Clinical Protocols and Evaluation

When imaging clinically with the PET/CT, a typical acquisition protocol begins with a 260 MBq injection of FDG, followed by a 60 min uptake period. The patient is then positioned in the scanner with the first transverse section to be imaged aligned with the CT field-of-view. An initial scout scan (topogram) is performed to determine the appropriate axial range for the study. The maximum axial extent of a single spiral scan depends on the defined slice-width and pitch. The total axial length to be scanned is subdivided into contiguous, overlapping, 15 cm segments. For the Somatom AR.SP, the spiral scan of each segment typically takes about 40 s, and the 25 kW X-ray tube may sometimes require cooling between segments (Fig. 8.3). Patients are instructed to breathe in a shallow manner during the CT scan. The time for the complete whole-body CT scan is about 5 min. Once the spiral CT covering the required axial length is completed, the patient bed is moved automatically to the start position of the multi-bed PET acquisition, and the PET scan is initiated. An emission scan time of 6-10 min per bed position is selected depending on the number of bed positions, resulting in a total PET scan duration of 45-50 min (Fig. 8.3). An axial overlap of 4 cm is used between bed positions. The CT images are used for attenuation correction as will be described below, and the corrected emission data are reconstructed using Fourier rebinning and attenuation-weighted ordered-subset EM [23]. In this implementation reconstruction takes over one hour to complete.

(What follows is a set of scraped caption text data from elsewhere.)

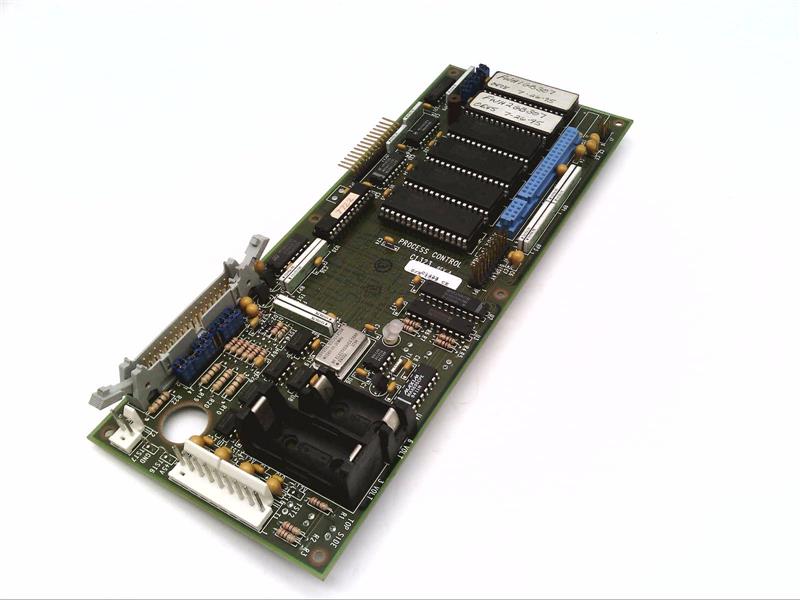 PROCESS CONTROL CORP C1323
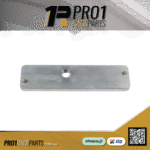 BERT Aluminium Bellhousing Plate
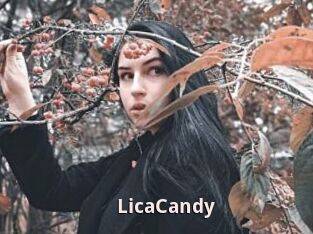 LicaCandy
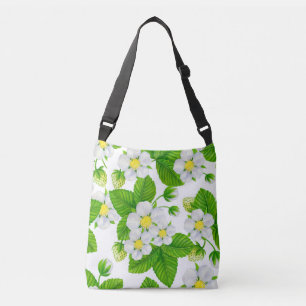 Sac Ajustable Jardin de fraises 2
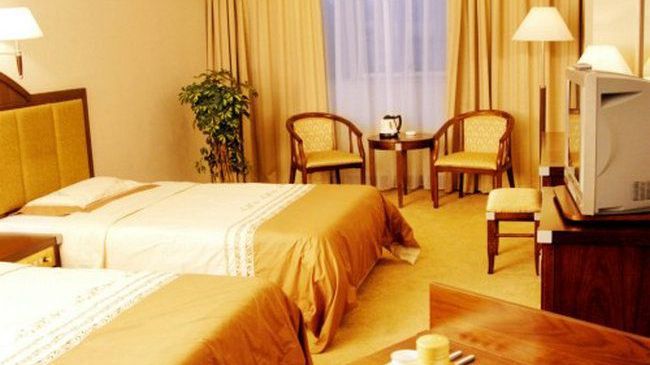 Metropark Changchun Guosheng Hotel Bilik gambar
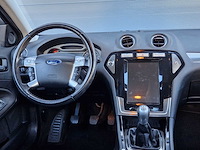 Ford - 2007 - mondeo - 2.0-16v titanium - 01-xs-fz - afbeelding 3 van  22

From July 1998 to July 2001, over 300 patients with a wide variety of different cancers were scanned on the prototype PET/CT [24, 25]. The main indications, most suited to anatomical and functional imaging, are head and neck cancer, and abdominal and pelvic disease, particularly ovarian and cervical cancer. Combined PET/CT in the head and neck is important because normal uptake of FDG in muscles and glands makes interpretation of the studies especially difficult. PET

applications in the abdomen and pelvis are complicated by benign, non-specific uptake in the stomach, intestines and bowel that may be difficult to distinguish from malignant disease. Combined imaging for clinical routine allows accurate localization of lesions, the distinction of normal FDG uptake from pathology, and the assessment of response to therapy (Fig. 8.4). Additionally, the use of registered CT and PET images was envisaged for efficient radiation therapy planning, traditionally based on CT alone [26].